INITIATING the act of love is a fine art. Don’t mess it up by taking your cue from any of the following.
The sound of rutting foxes
Foxes shagging noisily in your garden may create pangs of envy, but don’t be fooled into thinking your partner feels the same way. They already consider you to be a nocturnal pest so don’t reinforce the association. Cool yourself down by having a walk around the garden, perhaps grabbing something out of the bins for a midnight snack.
You’ve had a wash
If you’re attempting to get laid by walking into the bedroom wearing a towel and wiggling your eyebrows, you’ve gone wrong. This approach only highlights the fact that your genital cleanliness usually leaves something to be desired. For the long-term health of your sex life, don’t act as if good personal hygiene is only for special occasions.

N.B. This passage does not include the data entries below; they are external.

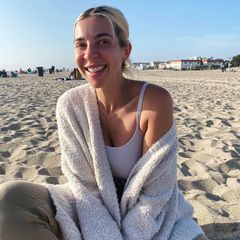 a woman sitting on the beach wrapped up in a towel and smiling at the camera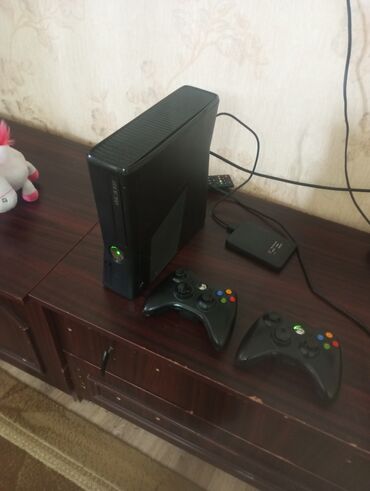 xbox 360 oyunlari: Qara rəngdə olan Xbox 360 oyun konsolu. İki ədəd simsiz oyun idarəetmə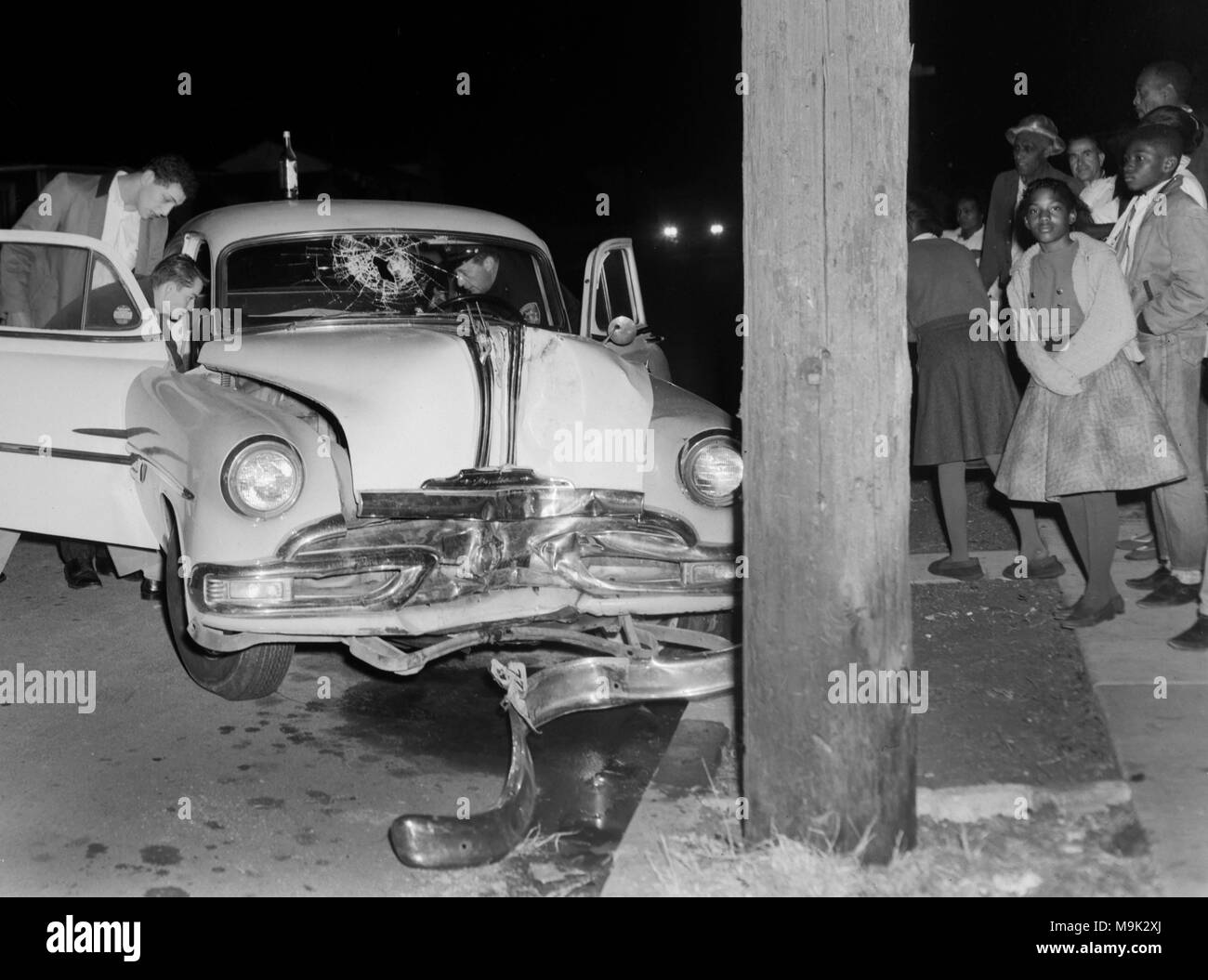 Con curiosi guardando, lavoratori di emergenza estrarre un driver da un crash car a Oakland, in California, ca. 1961. Una bottiglia di birra si trova appollaiato sul tetto dell'auto. Foto Stock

Your partner tells you they can’t sleep
This isn’t code. This isn’t a sexy, enigmatic way of asking you to lick their nipples. It just means they’re overtired, stressed and can’t turn off their brain. Set aside all thoughts of orgasm and talk through their problems, asking how you can help. They’ll mutter ‘You can’t’ and then take themselves off to the bathroom for a relaxing wank.
There’s nothing on TV
Implying that physical intimacy is an entertainment of last resort is not a strategy most sex therapists would recommend. Besides, there’s always something good on TV these days. The main benefit to your partner of spending fifty quid a month on various streaming services is that they never have to think about the contents of your pants.
It’s your birthday
Begging for sex simply because you’ve aged is an unbecoming act of desperation. Your significant other bought you that expensive watch specifically so they wouldn’t have to go anywhere near your increasingly ancient privates, so don’t push your luck. And when it’s your partner’s birthday, give them a real treat by offering to sleep on the sofa.
Your partner has just received bad news
No matter what you tell yourself, attempting to console someone by selflessly offering to penetrate them is just icky. You’re simply not skilled enough at lovemaking to shag the grief out of anyone. Make them a nice cup of tea instead and help out with the admin, or just make yourself and your needy desires scarce.